The works in Charlotte Walentin’s series Blue also adhere to the technical description “paint on canvas”, but they are not paintings on stretched canvas. Instead her “paintings” hang, gently folded, from invisible holders on the wall.
“In fact, the origin of the works has to do with gravity and the weight of the material,” Charlotte Walentin explains. “I had created some works with just one or a couple of folds and now I wanted to take it a step further in the direction of creating works with a larger object character.”
In the series Blue, Charlotte Walentin works with canvas in six-metre rolls. Setting out from the entire width of the rolls, she sprays the rolls with ink mixed with water which she then brushes into the fabric. An important factor of the process is that she will never have a complete overview of the canvas. She rolls it out, sprays it, brushes it, and folds it, piece by piece.

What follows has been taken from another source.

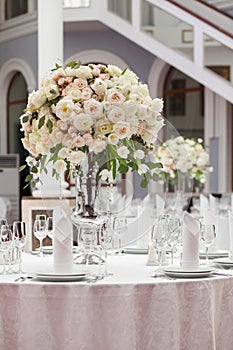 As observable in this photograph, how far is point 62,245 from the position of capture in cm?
340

“It stimulates me not to have a total overview,” Charlotte Walentin says. “For me, the works are as much about what I see as what I don’t see. Often things occur during the process, things I didn’t anticipate.”
She garners inspiration from various sources, including post-minimalism and artists such as the American Robert Morris, whose works of folded felt have the same restful character as those of Charlotte Walentin. But that’s as far as the analogy goes.
“I have always been fascinated by the weight as well as the silence of Morris’s felt works,” Charlotte Walentin says. “I wanted to enter into a dialogue with these works and see what would happen if you introduce a more fluid element such as paint into the equation. The process becomes rhythmical, it pendulates between the chaotic, when the ink runs, and the controlled, when I fold the canvas.”
Charlotte Walentin’s works may appear simple, but they gain in depth by small, repetitive dislocations that give rise to something new, something different.
“By not showing everything, I have to dispense with some things,” Charlotte Walentin says. “There is value in the humility that such limitations entail.”